::: MATERIAL FOR THE TASK

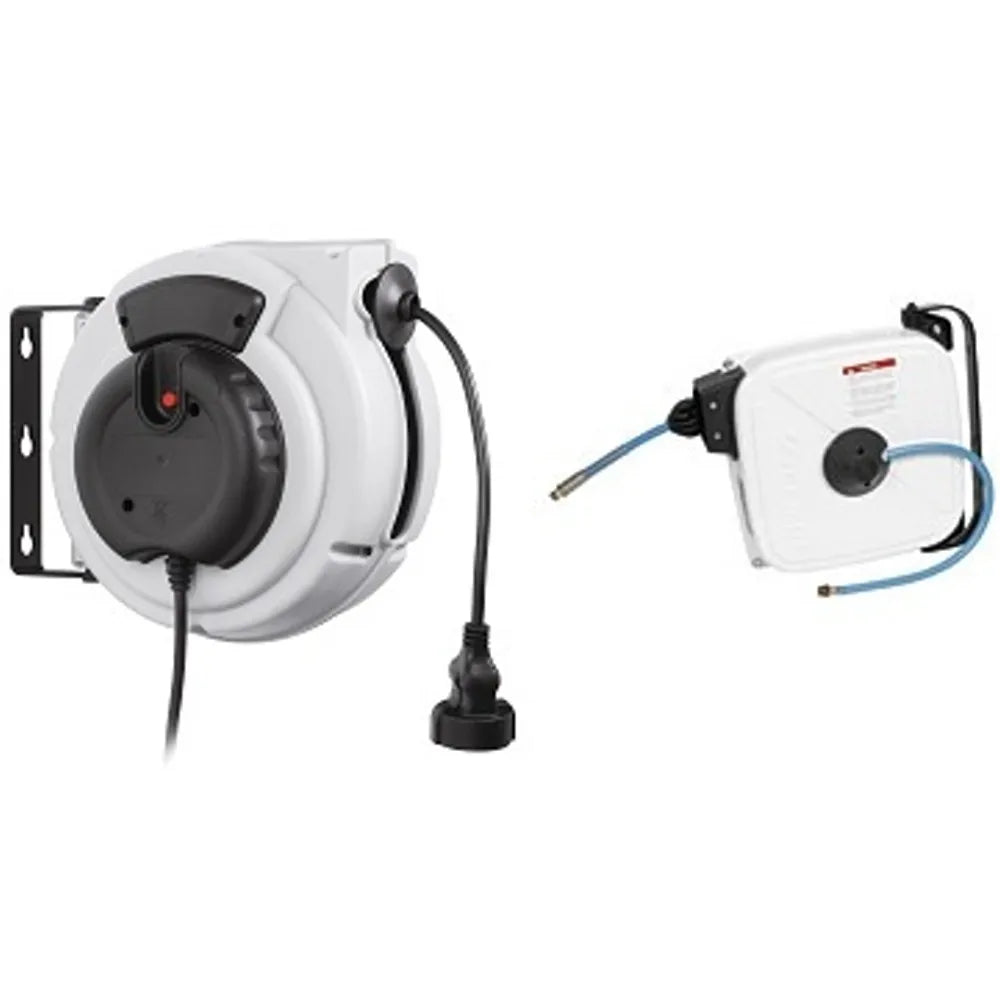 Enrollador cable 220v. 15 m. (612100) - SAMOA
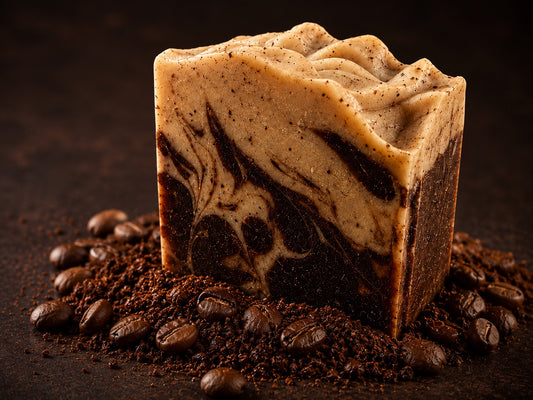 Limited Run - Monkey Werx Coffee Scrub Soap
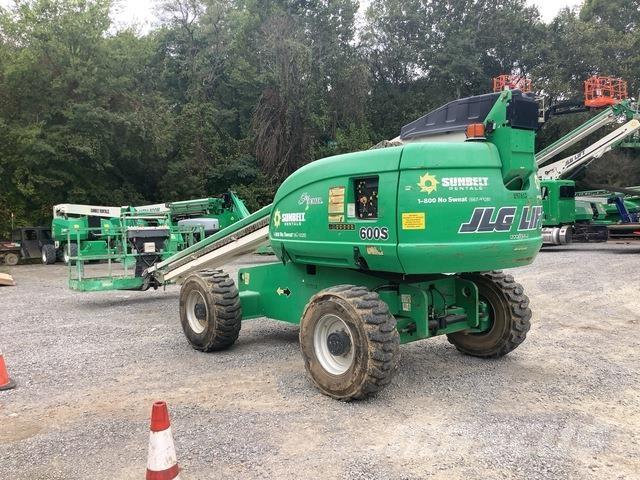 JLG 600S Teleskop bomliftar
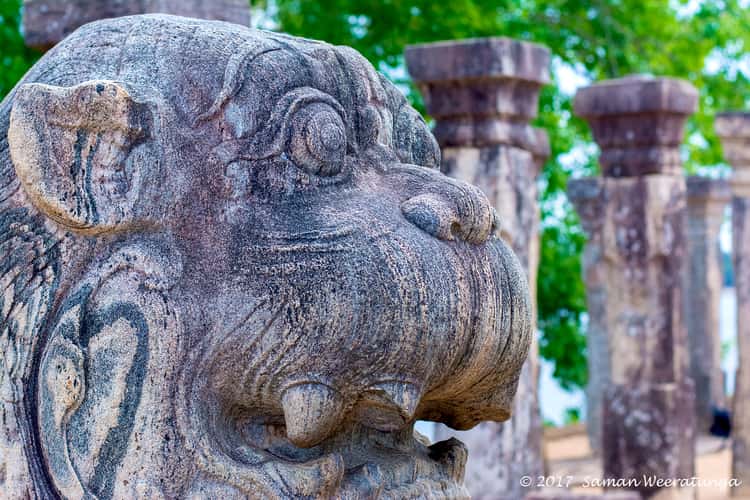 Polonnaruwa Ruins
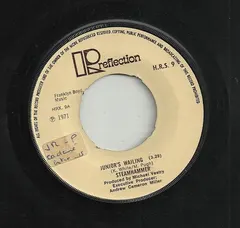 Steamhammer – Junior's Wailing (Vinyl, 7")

::::::

**WHAT YOU NEED TO DO:** What you return should match the records above word for word, minus the pictures.

**SOLUTION FOR THIS PROBLEM:**
 Enrollador cable 220v. 15 m. (612100) - SAMOA
 Limited Run - Monkey Werx Coffee Scrub Soap
 JLG 600S Teleskop bomliftar
 Polonnaruwa Ruins
 Steamhammer – Junior's Wailing (Vinyl, 7")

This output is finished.